Wang Chunlin, Ding Chris, Meraz Richard F, Holbrook Stephen R
Physical Biosciences Division, Lawrence Berkeley National Laboratory Berkeley, CA 94720, USA.
Bioinformatics. 2006 Nov 1;22(21):2590-6. doi: 10.1093/bioinformatics/btl441. Epub 2006 Aug 31.
Small non-coding RNA (ncRNA) genes play important regulatory roles in a variety of cellular processes. However, detection of ncRNA genes is a great challenge to both experimental and computational approaches. In this study, we describe a new approach called positive sample only learning (PSoL) to predict ncRNA genes in the Escherichia coli genome. Although PSoL is a machine learning method for classification, it requires no negative training data, which, in general, is hard to define properly and affects the performance of machine learning dramatically. In addition, using the support vector machine (SVM) as the core learning algorithm, PSoL can integrate many different kinds of information to improve the accuracy of prediction. Besides the application of PSoL for predicting ncRNAs, PSoL is applicable to many other bioinformatics problems as well.

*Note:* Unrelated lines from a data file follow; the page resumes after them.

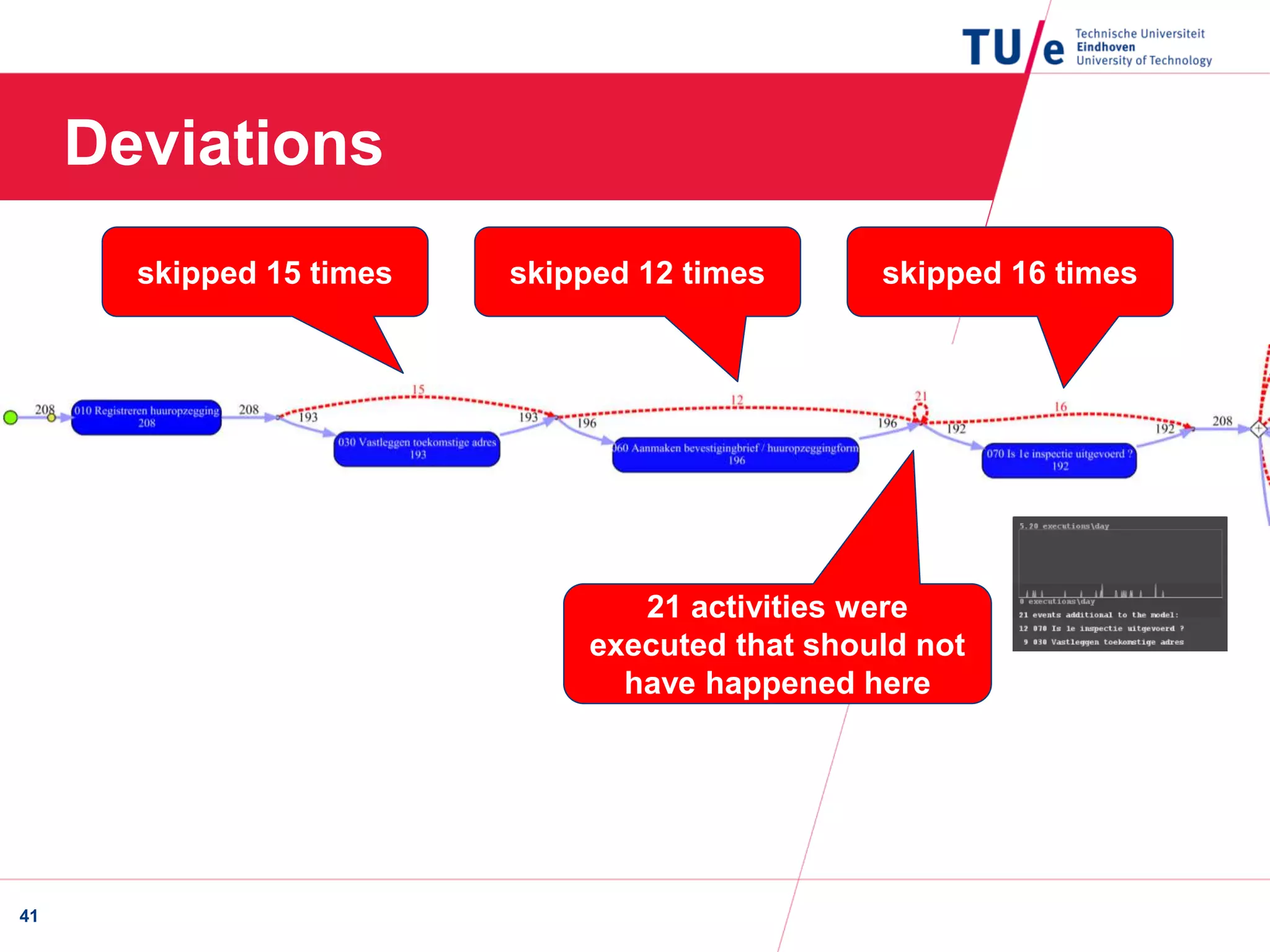 Deviations
41
skipped 15 times skipped 12 times skipped 16 times
21 activities were
executed that should not
have happened here
 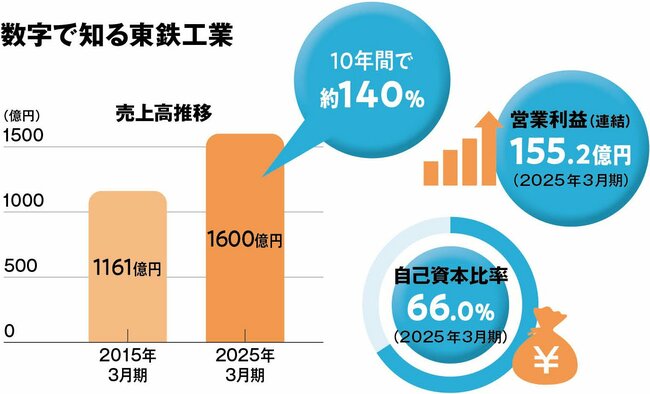 交通インフラを守り、未来を拓く。鉄道関連工事のリーディングカンパニー
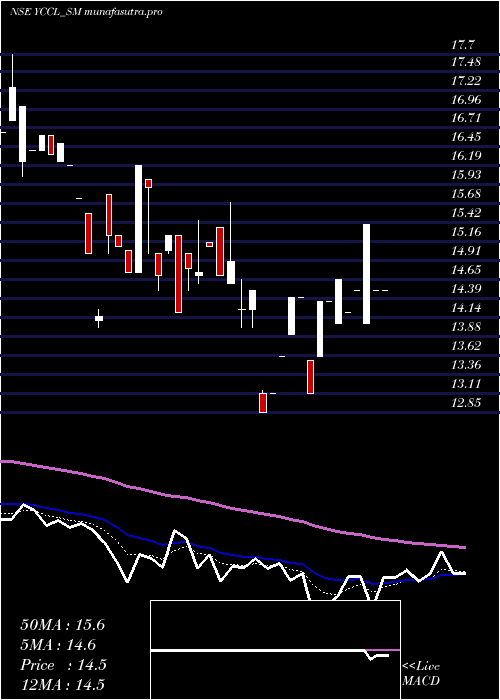 Daily chart YasonsChemex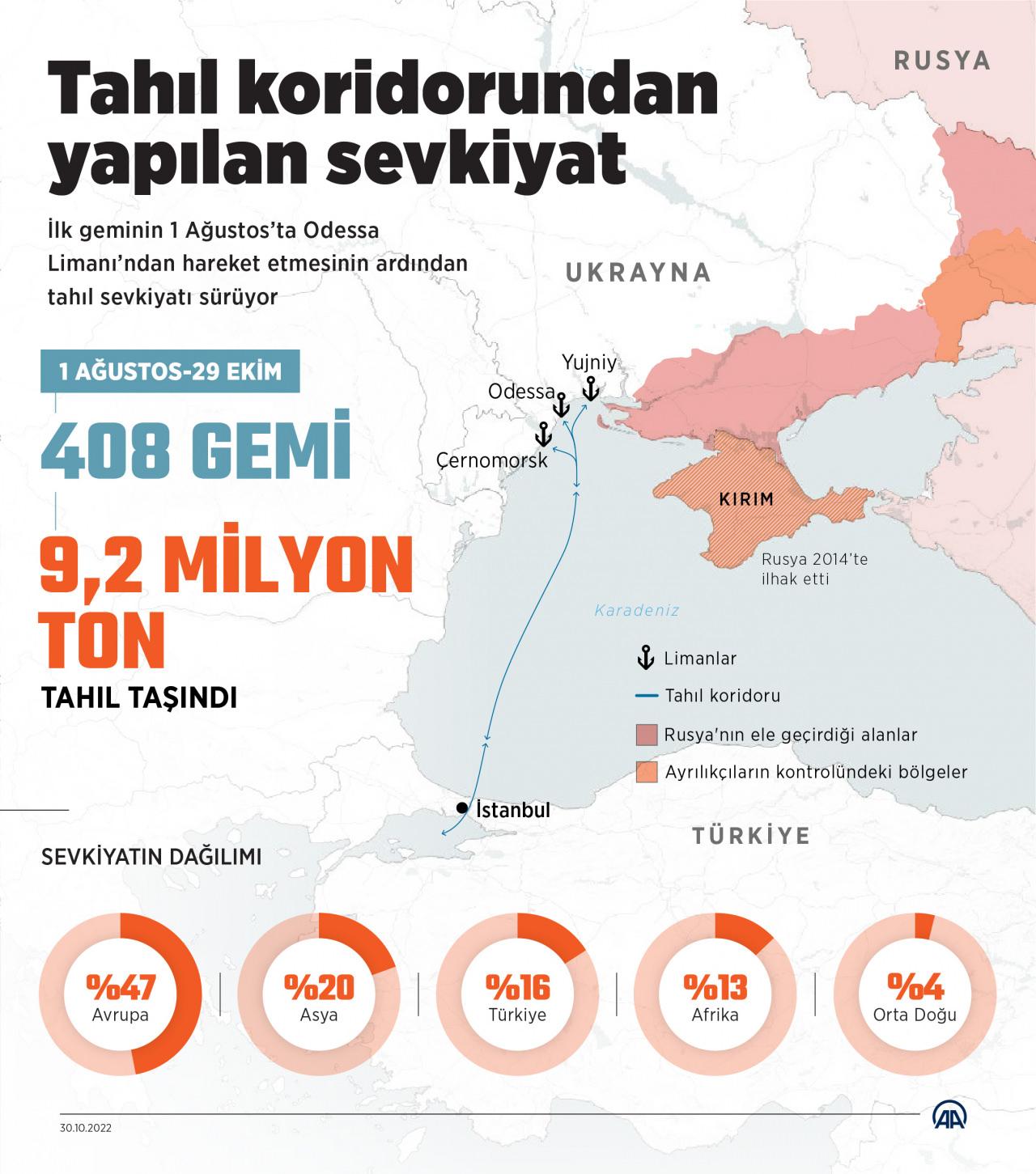 Rusya: Türkiye'nin desteğiyle yoksul ülkelere tahıl göndereceğiz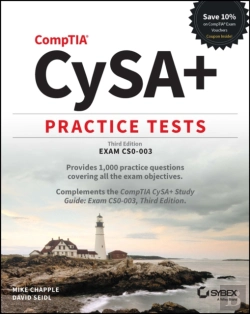 Bertrand.pt - Comptia Cysa+ Practice Tests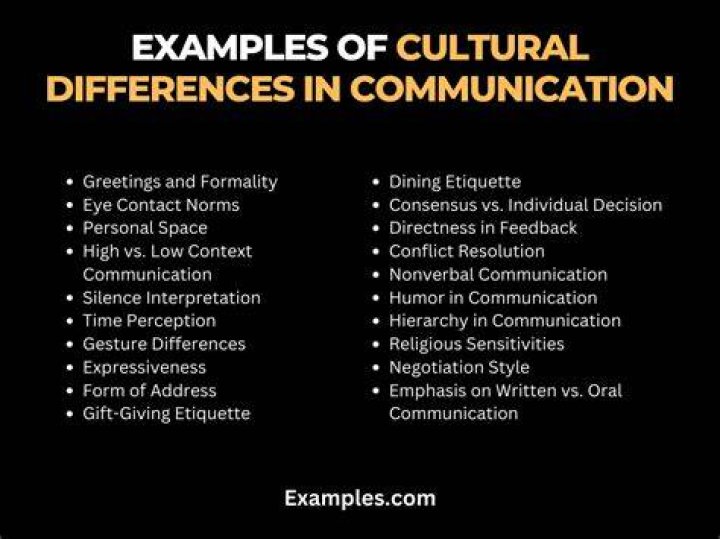 What are some examples of cultural differences in nonverbal communication?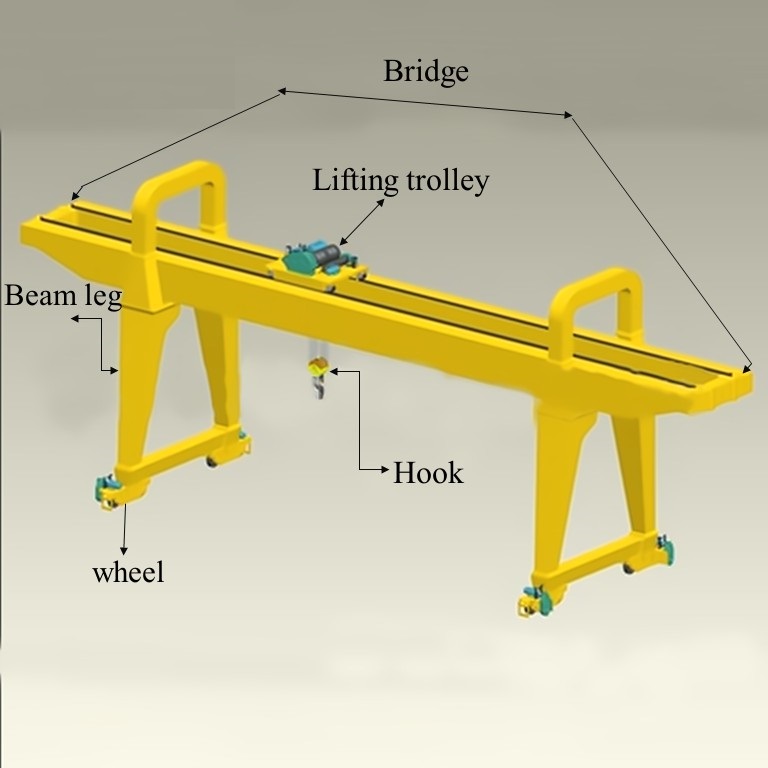 KQ CRANE 200 Ton 250 Ton 300 Double Beam Goliath Quay Gantry Crane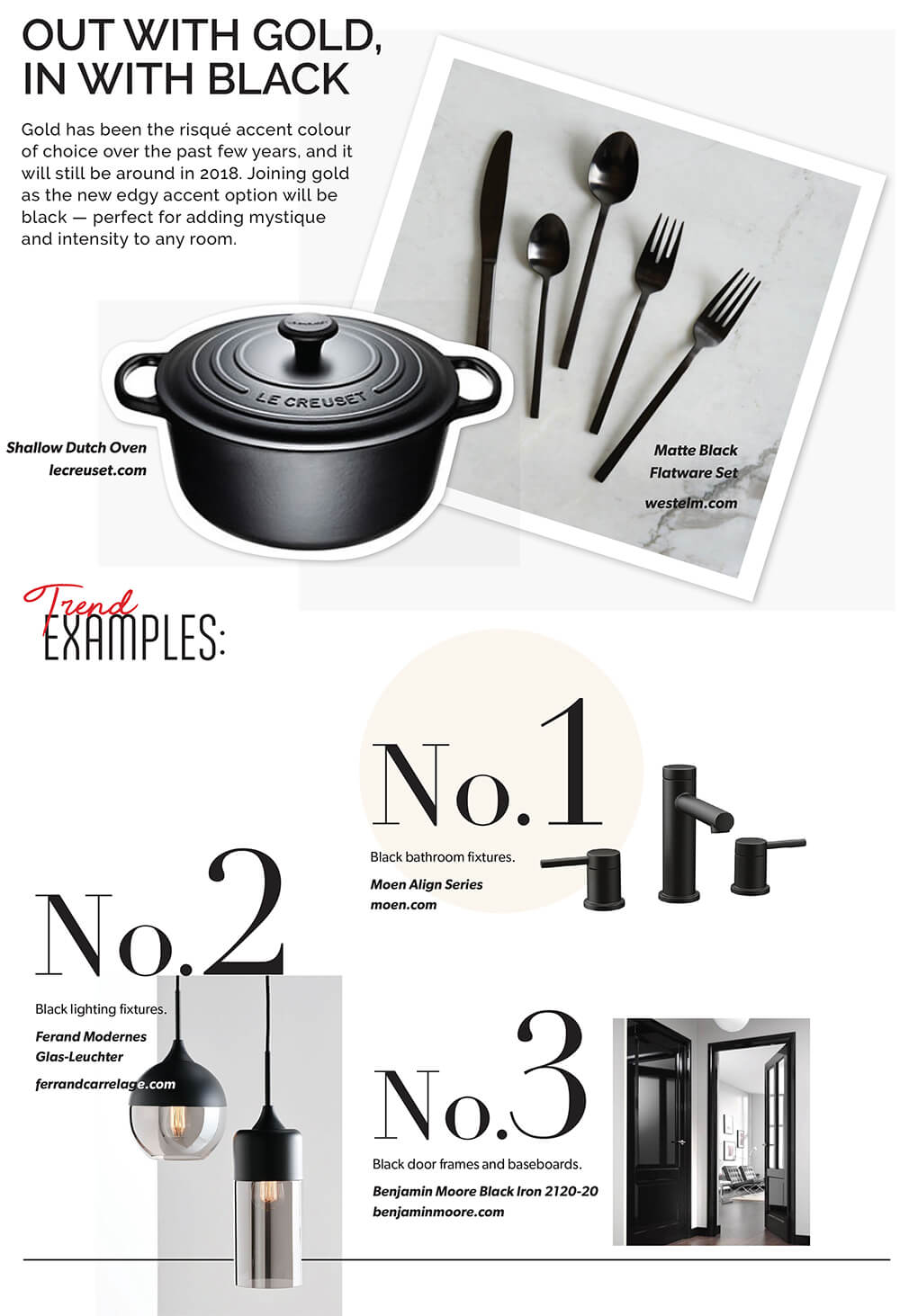 Trend Examples - Kitchen Utilities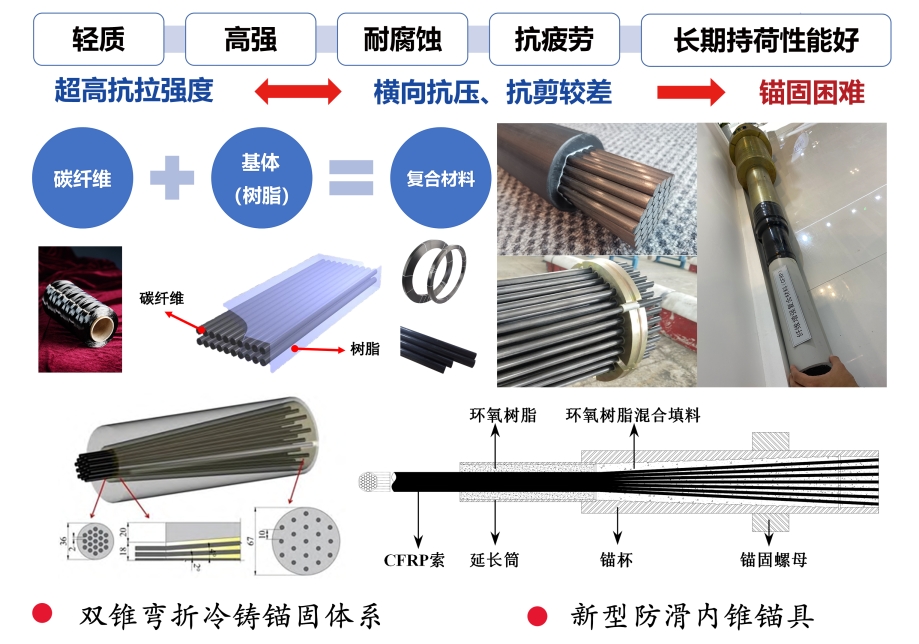 碳纤维.png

The PSoL method is assessed by 5-fold cross-validation experiments which show that PSoL can achieve about 80% accuracy in recovery of known ncRNAs. We compared PSoL predictions with five previously published results. The PSoL method has the highest percentage of predictions overlapping with those from other methods.
小型非编码RNA(ncRNA)基因在多种细胞过程中发挥着重要的调控作用。然而,ncRNA基因的检测对实验方法和计算方法来说都是巨大的挑战。在本研究中,我们描述了一种名为仅正样本学习(PSoL)的新方法,用于预测大肠杆菌基因组中的ncRNA基因。尽管PSoL是一种用于分类的机器学习方法,但它不需要负训练数据,而负训练数据通常很难正确定义,并且会极大地影响机器学习的性能。此外,以支持向量机(SVM)作为核心学习算法,PSoL可以整合许多不同类型的信息以提高预测的准确性。除了将PSoL应用于预测ncRNA外,PSoL也适用于许多其他生物信息学问题。
通过五折交叉验证实验对PSoL方法进行了评估,结果表明PSoL在恢复已知ncRNA方面可以达到约80%的准确率。我们将PSoL的预测结果与之前发表的五个结果进行了比较。PSoL方法与其他方法的预测结果重叠的百分比最高。